How to decide on Model Deployment Using Sagemaker in AWS

Anurag Singh
4 min readJun 7, 2023

AWS Sagemaker is a managed instance to Build, Train, Tune and Deploy Data Science models. Below section describes the components within SageMaker for end to end ML cycle


SageMaker Ground Truth- Label Training Data for ML

SageMaker Data Wrangler- Aggregate and Prepare Data for ML

SageMaker Processing- Built in Python, Bring Your Own R/Spark

SageMaker Feature Store- Store, Update, retrieve and share features.

SageMaker Clarify- DetectBias and understand model predictions


SageMaker Studio Notebooks- Jupyter Notebooks with elastic compute and sharing

Built-in and Bring your-own Algorithms- Dozens of Optimized Algorithms inbuilt or bring your own

Local Mode- Test and Prototype on my Local Machine

SageMaker Autopilot- Automatically create ML models with full visibility

SageMaker Jumpstart- Prebuilt solutions for common use cases

Train and Tune

Managed Trainings-Distributed Infrastructure Management

SageMaker Experiments-Capture Organize and Compare every step

Automatic Model Tuning-Hyperparameter optimization

Distributed Training-Training for Large Datasets and Model

SageMaker Debugger- Debug and Profile Training runs

Managed Spot Training- Reduce Training Cost by 90%

Deploy and Manage

Managed Deployment- Fully Managed Ultra Low Latency, high throughput

Kubernetes and Kubeflow Integration- Simplify Kubernetes based ML

Multi-Model Endpoints- Reduce cost by hosting multiple models per instance.

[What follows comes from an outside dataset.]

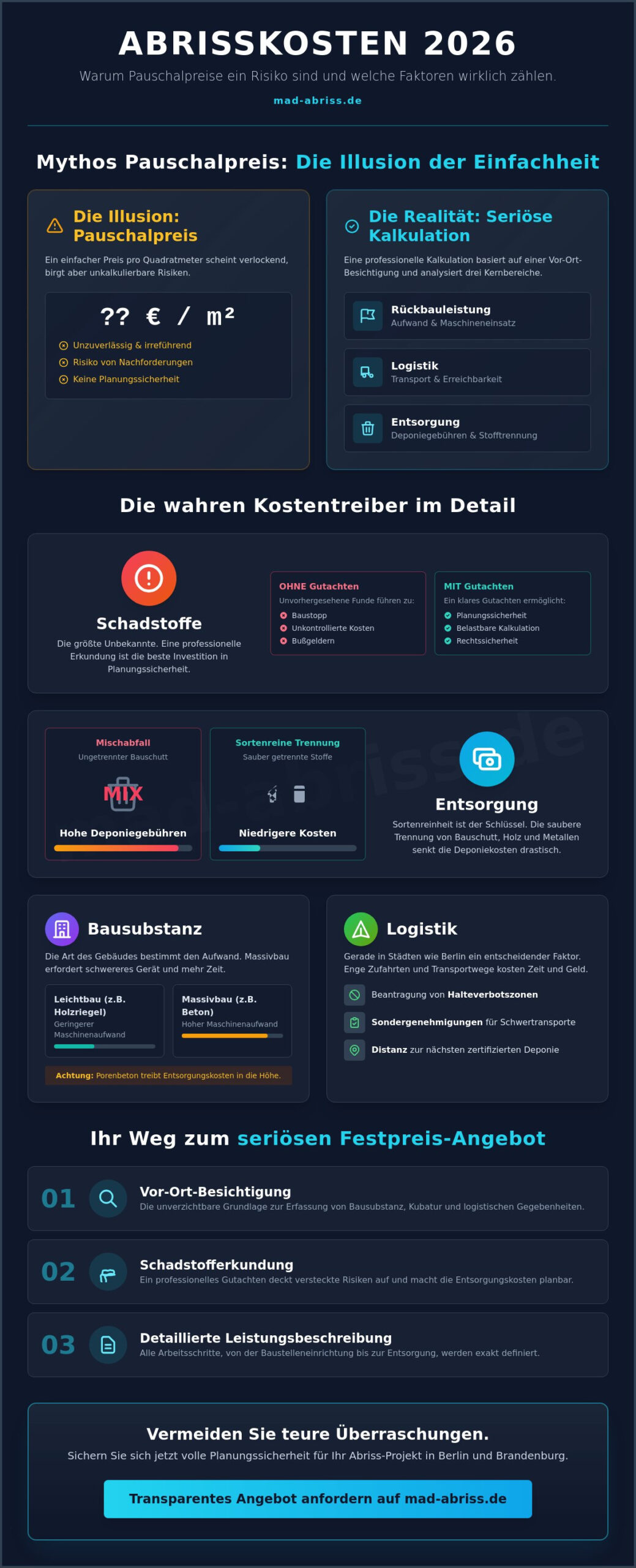 Kosten für Abriss 2026: Mythen, Fakten und reale Preise für Berlin & Brandenburg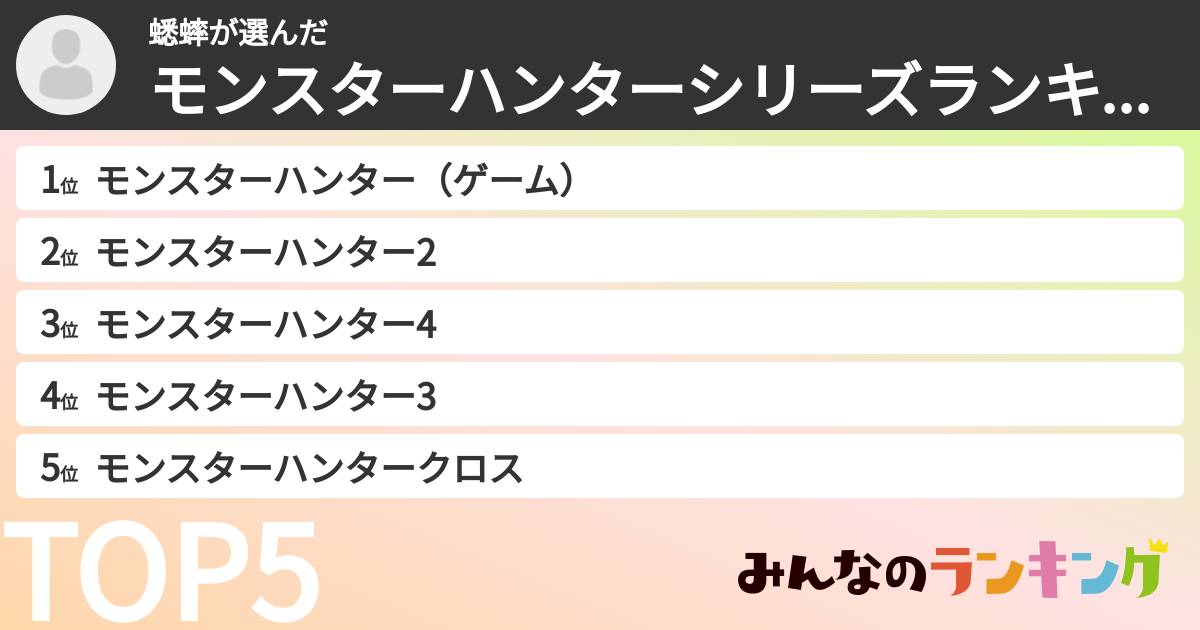 蟋蟀さんの「モンスターハンターシリーズランキング」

SageMaker Model Monitor- Maintain accuracy of deployed models

SageMaker Edge Manager-Manage and Monitore models on edge devices

SageMaker Pipelines- Workflow Orchestration and Automation

Type of Inference Patterns and How to Make a Choice.

The below flowchart helps you decide on which type of Inference is best suited for your workload

Real-Time Inference:

Real-time inference is ideal for online inferences that have low latency or high throughput requirements. Use real-time inference for a persistent and fully managed endpoint (REST API) that can handle sustained traffic, backed by the instance type of your choice. Real-time inference can support payload sizes up to 6 MB and processing times of 60 seconds.

Host a Single Model for Real-Time Inference when you need to expose your trained model to the outside world( refer flowchart above)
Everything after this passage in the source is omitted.